KTTT
- Columbus, Nebraska; United States;
- Frequency: 1510 kHz
- Branding: AM 1510 K Triple T

Programming
- Format: Classic country
- Affiliations: Westwood One

Ownership
- Owner: Connoisseur Media; (Alpha 3E Licensee, LLC);
- Sister stations: KJSK; KZEN; KKOT; KLIR;

History
- First air date: December 2, 1962

Technical information
- Licensing authority: FCC
- Facility ID: 28148
- Class: D
- Power: 500 watts day
- Transmitter coordinates: 41°27′14″N 97°24′21.2″W﻿ / ﻿41.45389°N 97.405889°W

Links
- Public license information: Public file; LMS;
- Website: www.mycentralnebraska.com/stations/k-triple-t/

= KTTT =

Radio station in Columbus, Nebraska

KTTT (1510 AM, "AM 1510 K Triple T") was a radio station broadcasting a classic country format. Licensed to Columbus, Nebraska, United States, the station was owned by Connoisseur Media, through licensee Alpha 3E Licensee, LLC. The station signed off the air December 31, 2025, "while considering future operational plans for the station."

==History==
KTTT first signed on the air on December 2, 1962, originally broadcasting at a power of 500 watts. The station was established by City and Farm Broadcasting, Inc., under the leadership of William Whitlock, with its first studios located at 1259 27th Avenue in Columbus. In its early years, the station adopted a "Bright Pop Music" format and was known for maintaining a mobile news unit to provide rapid on-the-scene coverage of local events, a significant technological investment for a small-market station at the time.

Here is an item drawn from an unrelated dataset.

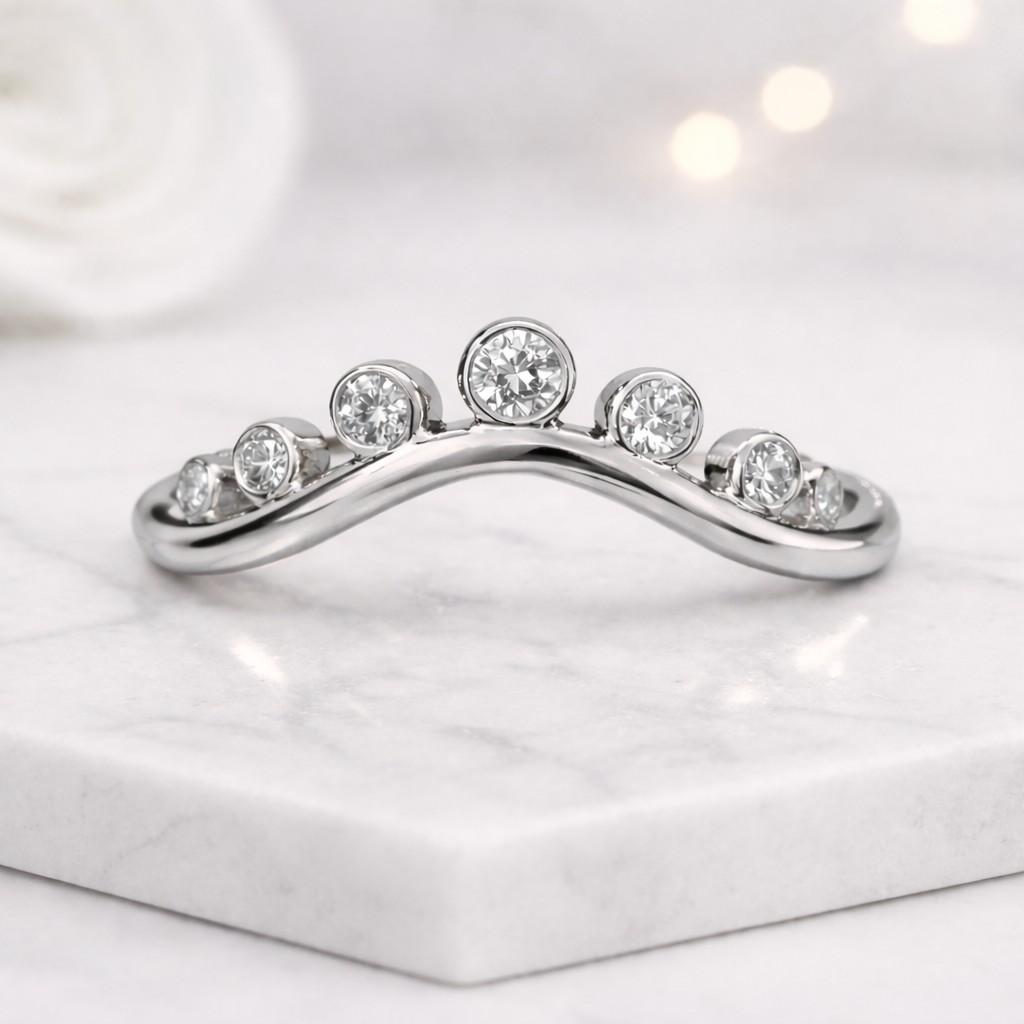 curved ring chevron ring wishbone ring contour band bubble ring bezel ring diamond band stacking ring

In the mid-1960s, the station became an early radio home for Joe Siedlik's Big Joe Polka Show, which aired on the station for four decades. The show eventually became a staple of the station's weekend programming, helping KTTT maintain a high listenership among the region's Eastern European agricultural communities and eventually leading to Siedlik becoming a nationally recognized polka historian. In its early years, KTTT established a reputation for local journalism under the direction of Ron Bogus, who served as the station’s news director after working for The Columbus Telegram. Bogus, a regional journalist, was known for his high-profile coverage and notably interviewed President John F. Kennedy during his career.

Throughout the late 20th century, KTTT underwent several ownership and format changes. In 1989, under Husker Broadcasting, the station shifted to a "Soft Adult Contemporary" format designed to target a broad 25-65 age demographic before eventually pivoting to its current "Classic Country" identity. The station operated as a Class D facility on 1510 kHz. Because 1510 AM is a clear-channel frequency, KTTT was required to significantly reduce power or cease broadcasting during nighttime hours to avoid interference with other stations.

Following a series of mergers in the 21st century, KTTT became part of a larger regional cluster that includes sister stations KJSK, KKOT, KLIR, and KZEN. Connoisseur Media acquired the station cluster as part of a multi-million dollar transaction involving more than 100 stations across the United States. Under this ownership, KTTT maintained its affiliation with Westwood One, offering nationally syndicated country programming.